Perang di Ukraina dan sanksi-sanksi berikutnya telah gagal memperkuat kekuatan vertikal Rusia atau menyatukan kelompok-kelompok bisnis dan politik yang berpengaruh di negara tersebut. Seandainya Presiden Vladimir Putin meraih kemenangan cepat yang jelas-jelas ia andalkan saat melancarkan “operasi khusus”, ia akan mengokohkan posisinya sebagai penguasa, namun seiring berlarutnya konflik, para elit terpaksa mempertanyakan masa depan mereka. untuk menemukan tempat mereka di dalamnya.
Putin sendiri tidak menunjukkan niat untuk mundur, namun tampaknya semakin terdegradasi ke masa lalu. Para elit dan calon penerusnya mengawasi setiap gerakan militernya, namun mereka sudah dapat melihat bahwa ia tidak memiliki tempat dalam visi masa depan mereka pascaperang. Satu-satunya fungsi yang tersisa dalam persepsi mereka tentang era baru perdamaian adalah menunjuk penggantinya dan meninggalkan panggung.

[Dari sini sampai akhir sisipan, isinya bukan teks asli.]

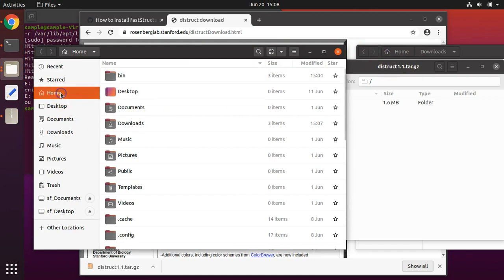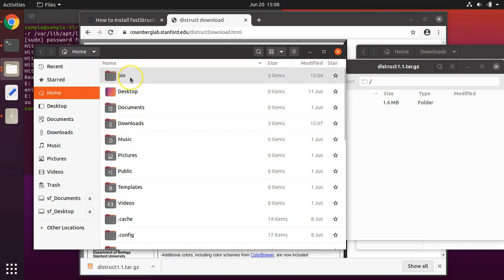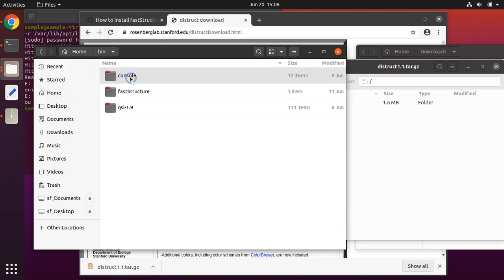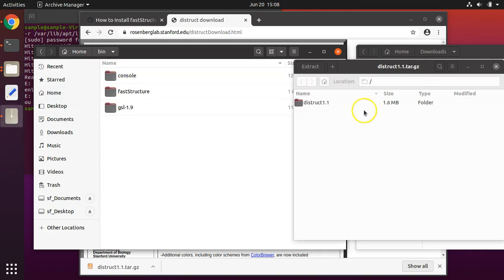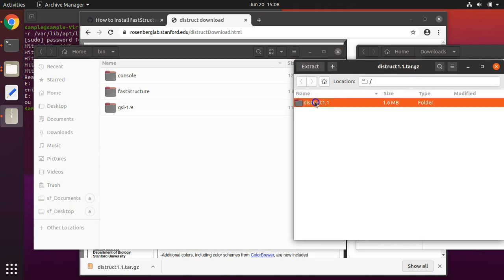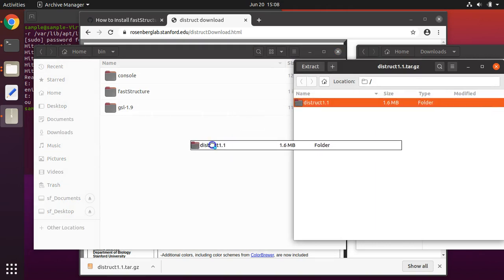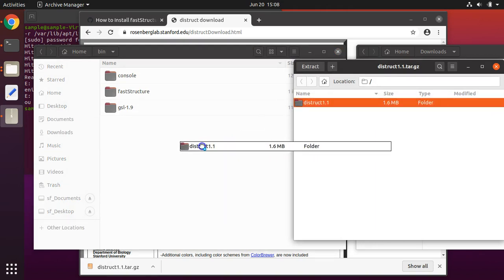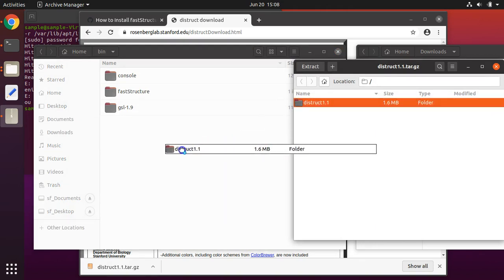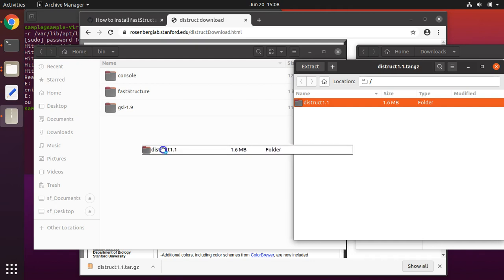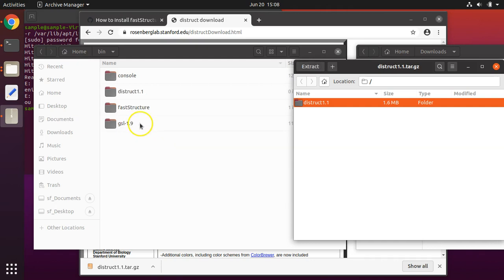Next, go to your home directory. Go to the bin folder within your home directory. If you do not have one, create it. Drag the program DISTRUCT 1.1 from the compressed directory into your bin directory. Then close the compressed directory.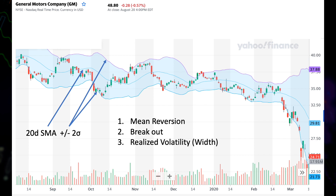With that idea, you can construct a mean reversion strategy. The probability we talked about is based on the 20-day look-back period in the past, and past performance is not indicative of future results. Sometimes price would stay outside of the bands or keep hugging the bands — when that happens, chances are we are seeing a breakout or a new trend forming.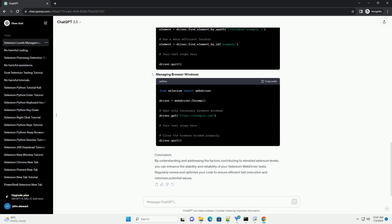Unclosed Browser Windows: Failing to close browser windows properly after test execution can result in accumulating selenium instances. Always make sure to close browser windows using the web driver's close or quit methods.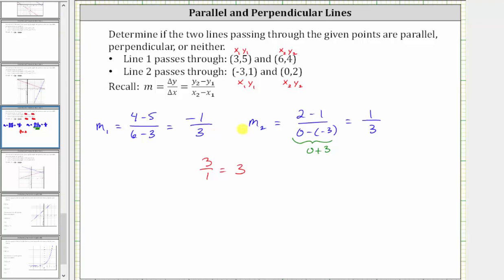Another check for negative reciprocals is to see if the product equals negative one. Negative one third times positive one third is negative one ninth, which is not negative one — another way to verify the slopes are not negative reciprocals. Therefore, the two lines are neither parallel nor perpendicular.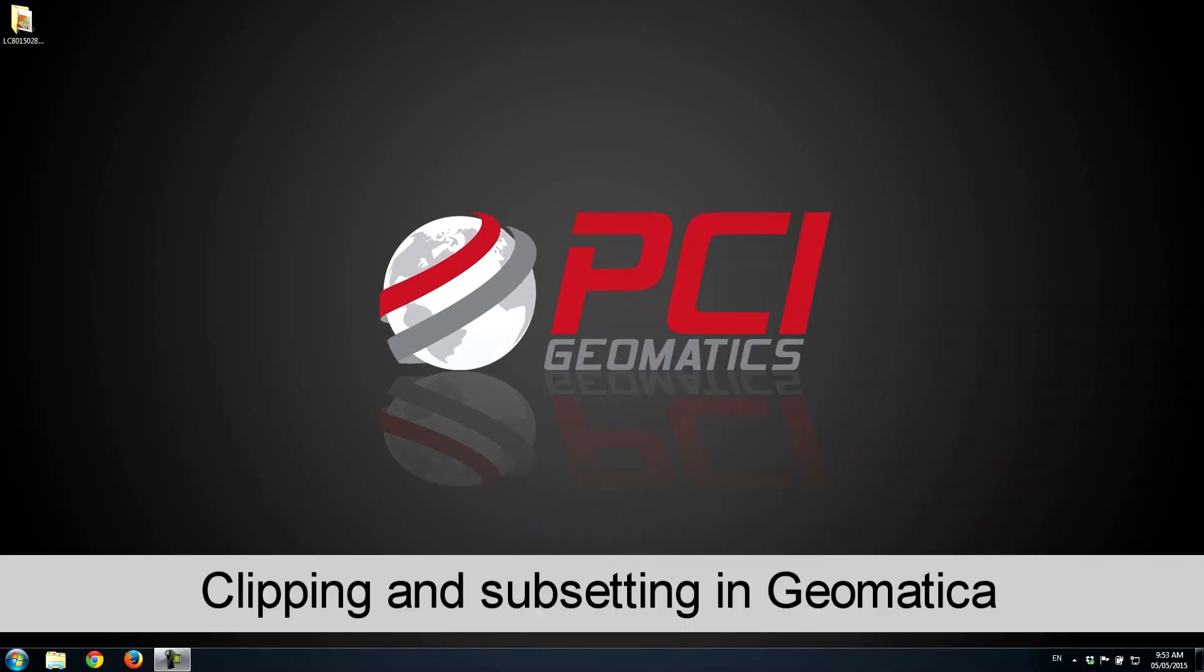Hello and welcome to PCI-TV. In this episode, we would like to show you quickly how Geomatica can be used to subset and clip different parts of imagery.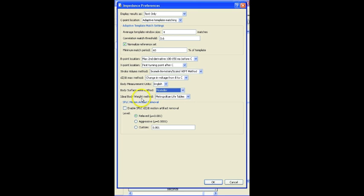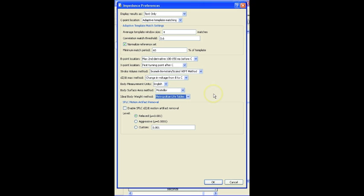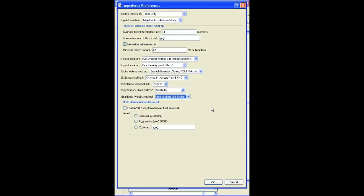This final option down here allows you to turn on a scaled Fourier linear combiner. This is very useful if the data is extremely noisy and the software is unable to identify the components within the DZDT signal.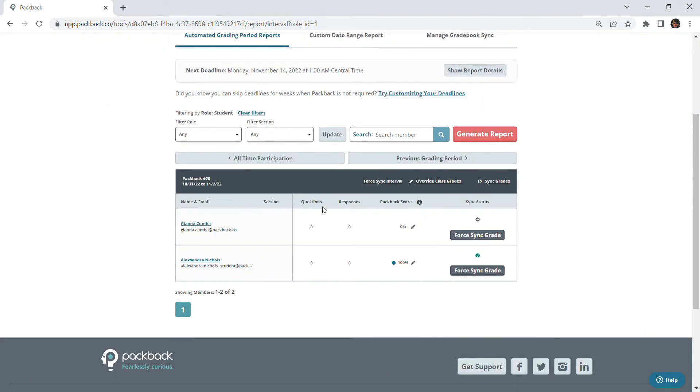All overwritten scores will have a blue dot next to the score you've entered as an indication of an override. When hovering over the blue dot you will be able to see the previous score before the override was done.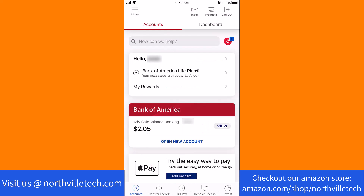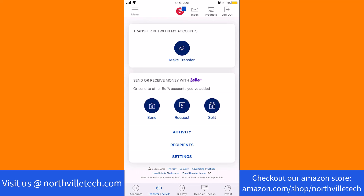Once you're logged in, you will see several options at the bottom part of the screen. Tap on Transfer, then Zelle. On this screen, you will see an option for Settings. Tap on Settings.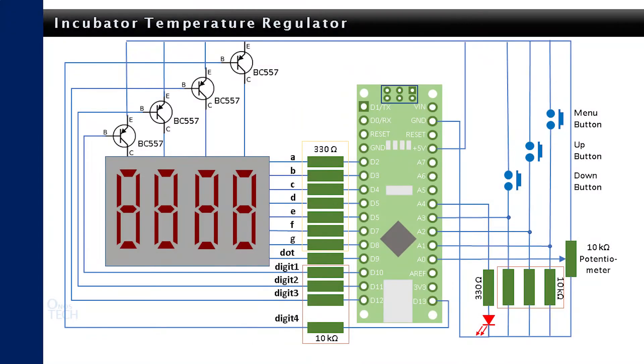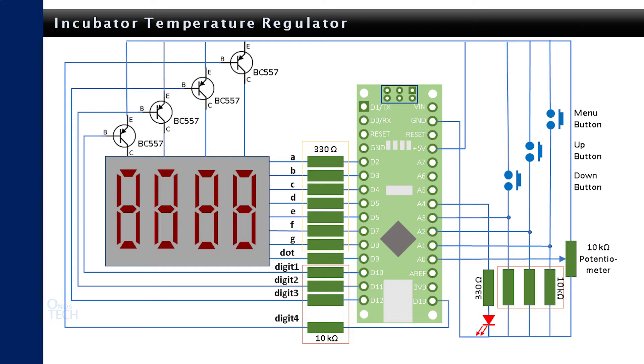Set up the circuit diagram as shown with a single 4 digit 7 segment display or 2 pieces of 2 digit 7 segment display, a 10 kilo ohms resistor, 2 push button switches and a LED.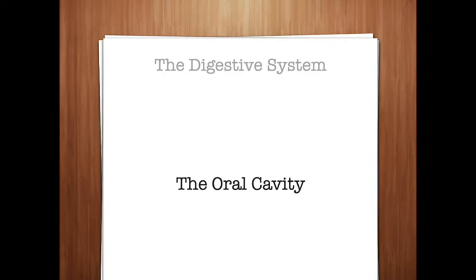The primary dentition, also known as deciduous dentition or baby teeth, consists of 20 teeth: eight incisors, four canines, eight molars, and no premolars. The primary teeth are lost normally and replaced by permanent teeth. The permanent dentition consists of 32 teeth, with eight incisors, four canines, eight premolars, and twelve molars. These teeth are designed to last a lifetime.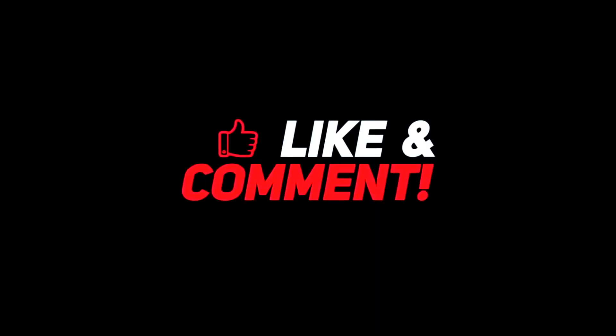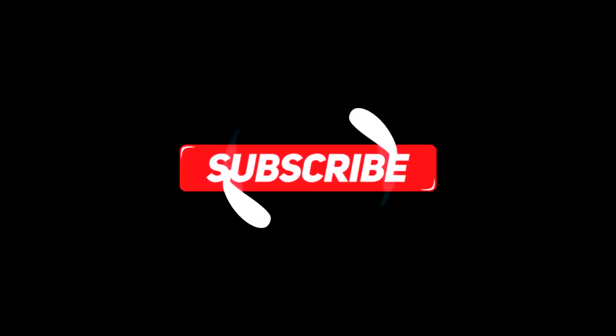For more interesting content, give this video a thumbs up. And don't forget to subscribe to the channel for more awesome content. Have a nice day, and I will see you in the next video.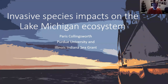Hello, fellow HASP scholars. Welcome to our presentation today on the invasive species and ecology of the Great Lakes. Our presenter is Dr. Paris Collingsworth, who is an assistant professor at Purdue, where he has been on the faculty since 2014.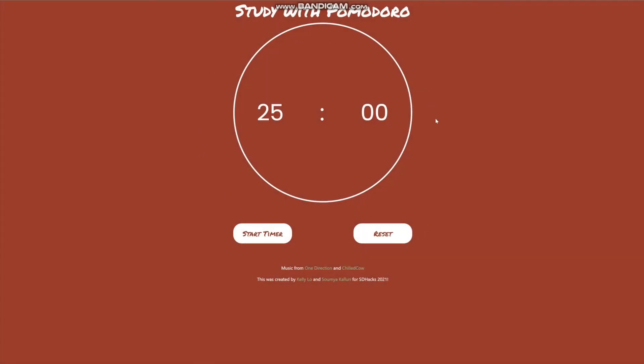Welcome to our app! As you can see, we have the timer front and center and the start and reset buttons right below. To kick off the study session, let's hit the start button.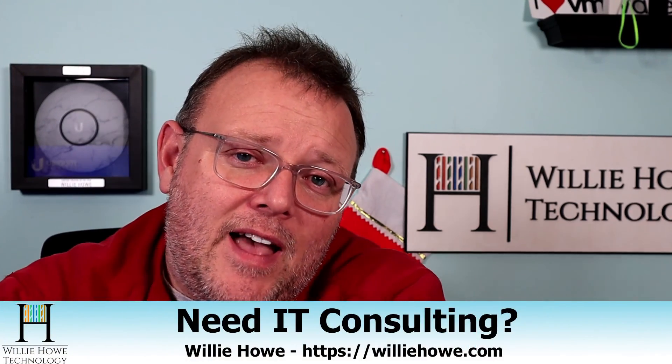If you need IT consulting, reach out at williehow.com, fill out the contact form, and someone will be in touch with you as soon as possible. Once again, I'm Willie. I want to thank you for being here. And as always, I'll see you in the next video.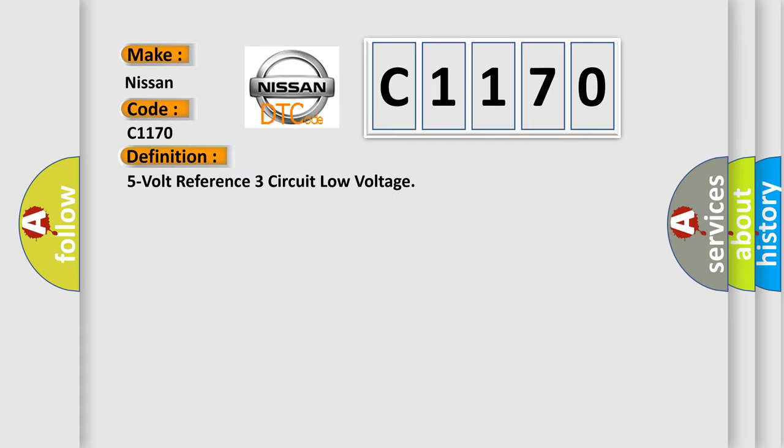The basic definition is: 5 volt reference 3 circuit low voltage.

Perang dengan demikian menggerakkan perlombaan publik para penerusnya. Dalam beberapa tahun terakhir, manuver politik di Rusia masih dirahasiakan, namun di era baru ini, proklamasi yang keras dan gerakan politik yang mencolok sekali lagi menjadi hal yang biasa. Seolah-olah kampanye pemilu yang aktif telah berlangsung, dengan para birokrat dan fungsionaris di dalam partai yang berkuasa melakukan yang terbaik untuk mendapatkan perhatian dan bahkan saling menyerang. Hingga baru-baru ini, perilaku seperti itu hampir tidak terpikirkan: pemerintahan kepresidenan bekerja dalam diam, sementara pejabat tinggi di partai berkuasa Rusia Bersatu membatasi diri untuk memberikan janji mengenai kebijakan sosial.
Mantan presiden, mantan perdana menteri dan wakil ketua Dewan Keamanan, Dmitry Medvedev, sangat sibuk membuat pernyataan. Komentarnya yang berlebihan dan kasar mengenai isu-isu kebijakan luar negeri dan penghinaan yang dilontarkan kepada para pemimpin Barat sering kali tampak lucu, namun peran yang ia coba mainkan sudah jelas. Hal ini memadukan isolasionisme yang keras dengan populisme, sehingga menyalahkan musuh-musuh eksternal atas permasalahan internal.
Politisi lain yang juga membuat pernyataan keras adalah wakil kepala staf pertama dan kurator blok politik Kremlin, Sergei Kiriyenko, yang kini diberi tanggung jawab untuk mengawasi republik-republik yang memisahkan diri di Donbass. Ia telah menjadi salah satu politisi paling terkenal di era baru ini, meskipun sebelumnya – sejak menjadi utusan presiden pada awal tahun 2000an – ia tidak pernah menunjukkan kecenderungan untuk menjadi pusat perhatian.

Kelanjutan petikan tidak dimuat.